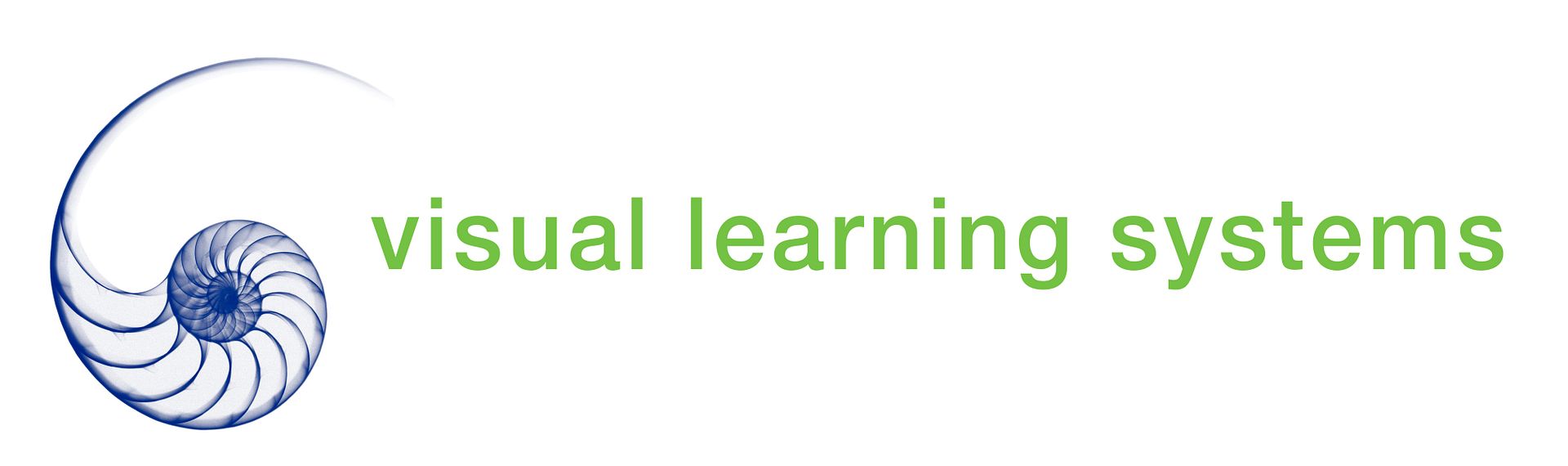 Visual Learning Systems Review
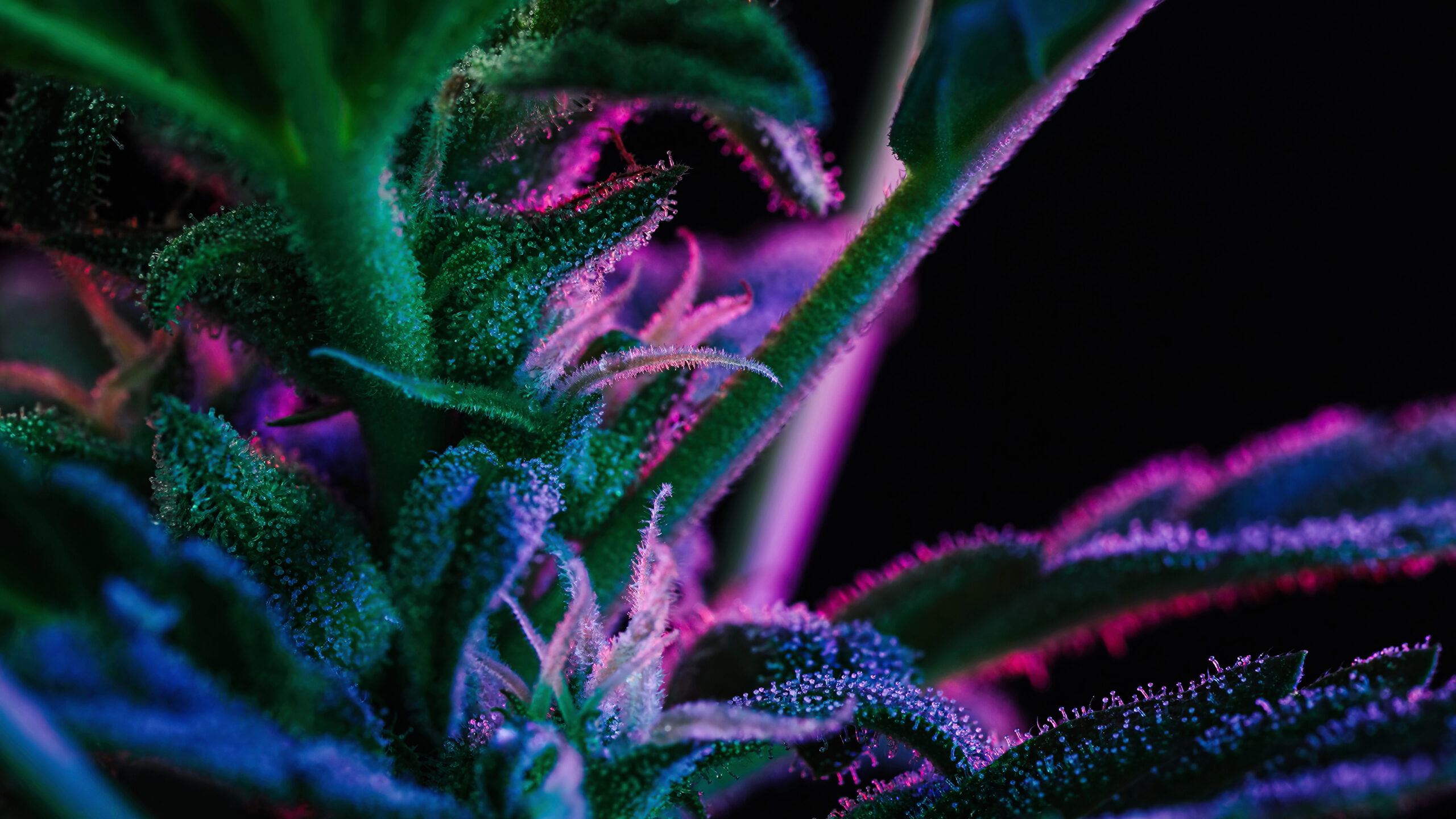 Terpenes and the Entourage effect in Cannabis A Terpy Adventure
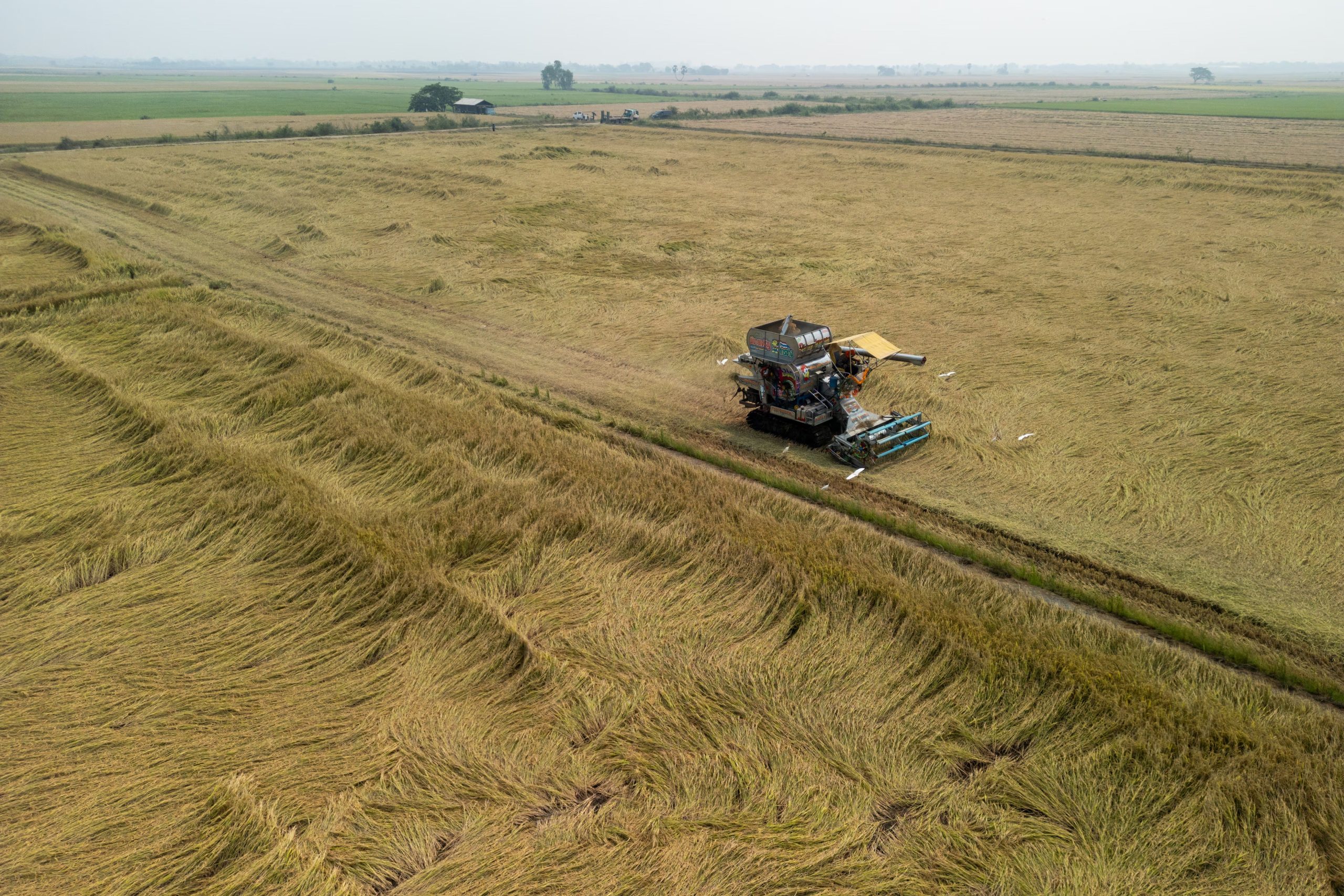Cosecha en un campo de arroz en Suphan Buri, Tailandia (Sirachai Arunrugstichai/The Washington Post)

--- Work item ---
The required output is each line above restated verbatim, with all images omitted.

--- Answer to the problem ---
 Visual Learning Systems Review
 Terpenes and the Entourage effect in Cannabis A Terpy Adventure
Cosecha en un campo de arroz en Suphan Buri, Tailandia (Sirachai Arunrugstichai/The Washington Post)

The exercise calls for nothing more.